● **EXERCISE OBJECTIVE**
Transcribe every entry word for word.

═════ DATA FOR THIS TASK

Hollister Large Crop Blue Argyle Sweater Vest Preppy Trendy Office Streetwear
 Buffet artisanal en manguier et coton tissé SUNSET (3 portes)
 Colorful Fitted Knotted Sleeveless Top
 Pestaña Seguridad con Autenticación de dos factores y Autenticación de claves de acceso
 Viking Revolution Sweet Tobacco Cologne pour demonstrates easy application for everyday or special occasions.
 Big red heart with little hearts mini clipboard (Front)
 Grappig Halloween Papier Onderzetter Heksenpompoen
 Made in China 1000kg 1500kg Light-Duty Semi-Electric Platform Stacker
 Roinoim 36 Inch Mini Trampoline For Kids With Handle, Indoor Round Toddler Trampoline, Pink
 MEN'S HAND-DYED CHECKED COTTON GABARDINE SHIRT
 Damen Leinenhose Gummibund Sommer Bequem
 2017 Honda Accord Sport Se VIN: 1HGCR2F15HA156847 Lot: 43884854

══════════

● **SOLUTION TO THIS PROBLEM**
Hollister Large Crop Blue Argyle Sweater Vest Preppy Trendy Office Streetwear
 Buffet artisanal en manguier et coton tissé SUNSET (3 portes)
 Colorful Fitted Knotted Sleeveless Top
 Pestaña Seguridad con Autenticación de dos factores y Autenticación de claves de acceso
 Viking Revolution Sweet Tobacco Cologne pour demonstrates easy application for everyday or special occasions.
 Big red heart with little hearts mini clipboard (Front)
 Grappig Halloween Papier Onderzetter Heksenpompoen
 Made in China 1000kg 1500kg Light-Duty Semi-Electric Platform Stacker
 Roinoim 36 Inch Mini Trampoline For Kids With Handle, Indoor Round Toddler Trampoline, Pink
 MEN'S HAND-DYED CHECKED COTTON GABARDINE SHIRT
 Damen Leinenhose Gummibund Sommer Bequem
 2017 Honda Accord Sport Se VIN: 1HGCR2F15HA156847 Lot: 43884854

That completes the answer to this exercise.